Although the Sheriff's Office and Fallsburg Police were not involved at all in the June 2, 2019 investigation, both agencies responded to the three prior accidents in which Kantrowitz was the driver and in which he received not one traffic ticket.


In one of those incidents, accident victim Megan Fessak told The SullivanTimes one week after the June 2, 2019 tragedy that her cellphone (described by Fessak as a flip phone) did not have service in the area so she asked Kantrowitz if she could use his so they could call the police. But she said he refused to call police and then further refused when she asked if she could use his phone to make the call. That tells you much about the man who they named a courtroom after in Fallsburg. And speaking of Fallsburg, Fessak went on in that interview to explain that John Chevalier of the Fallsburg Police Department did not come over to ask for her version of events.


"So I found it necessary to approach him in his squad car in order to explain to him what had actually happened," Fessak said, adding that she believes the officers were attempting to “railroad” her into believing the accident was entirely her fault. “They didn’t seem to believe me, “ she said.

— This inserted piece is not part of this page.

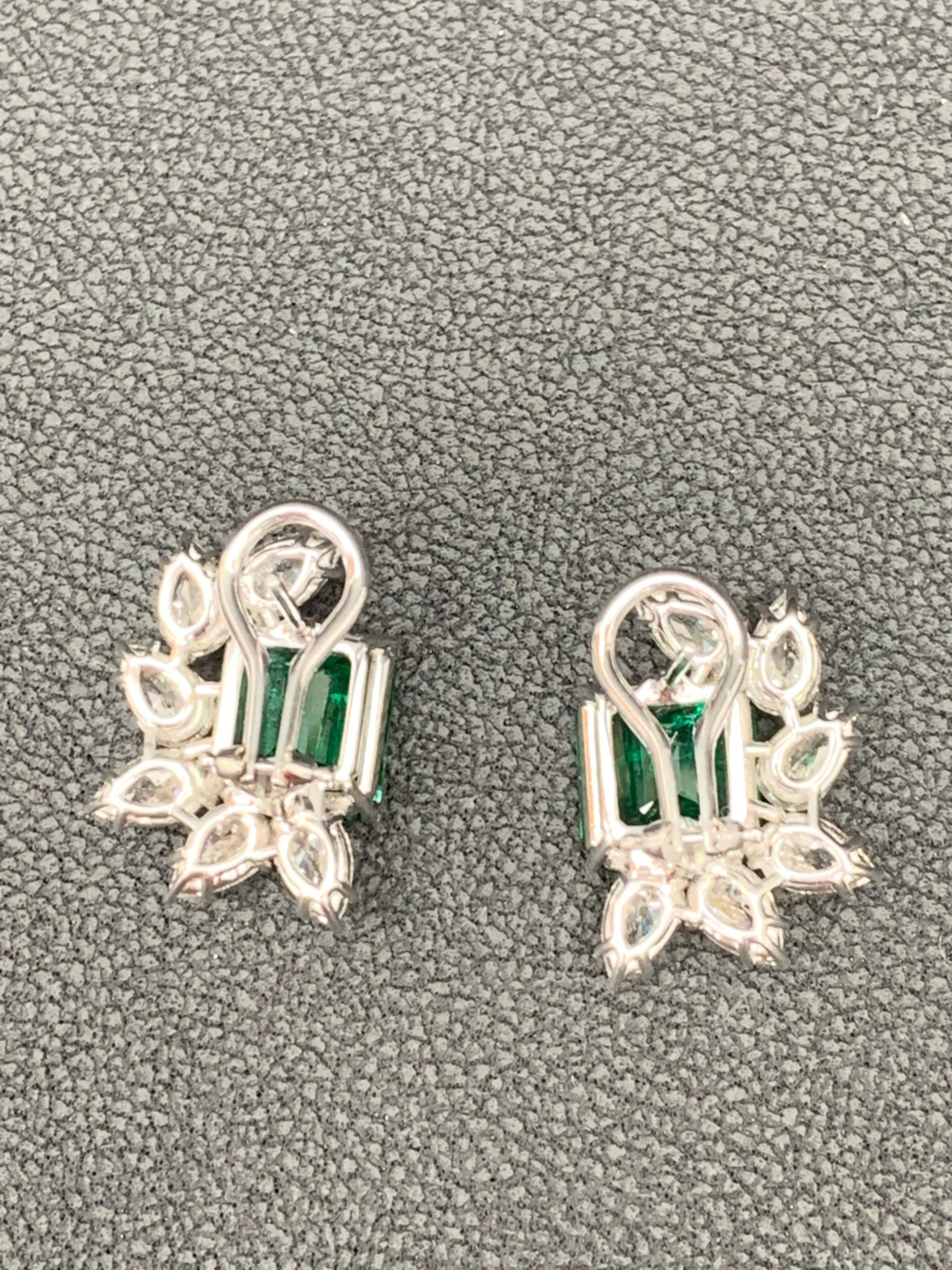 Women's Certified 7.82 Carat Emerald Cut Emerald and Diamond Cluster Earrings in 18K  For Sale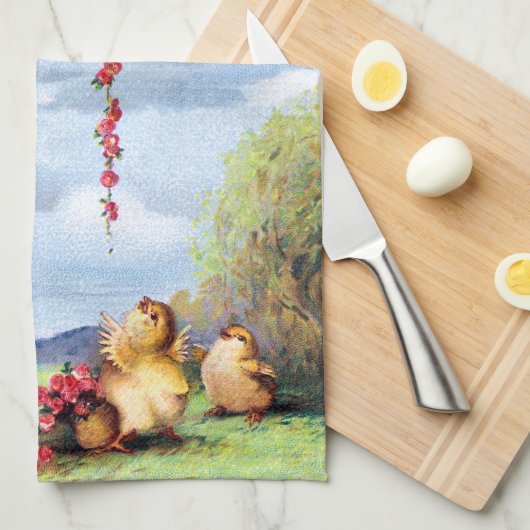 Linge De Cuisine Poussins de déplacement (Quart Plié)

That tells you something about the Old Boy Network.


Kantrowitz has passed and his records are sealed.

But citizens of goodwill must keep their mouths and minds open wide to confront exactly these kind of injustices that allowed a person of influence to flout the law for three years while causing death and destruction on Sullivan County roads.

It's the only way the corrupt Old Boy Network can be put to rest once and for all.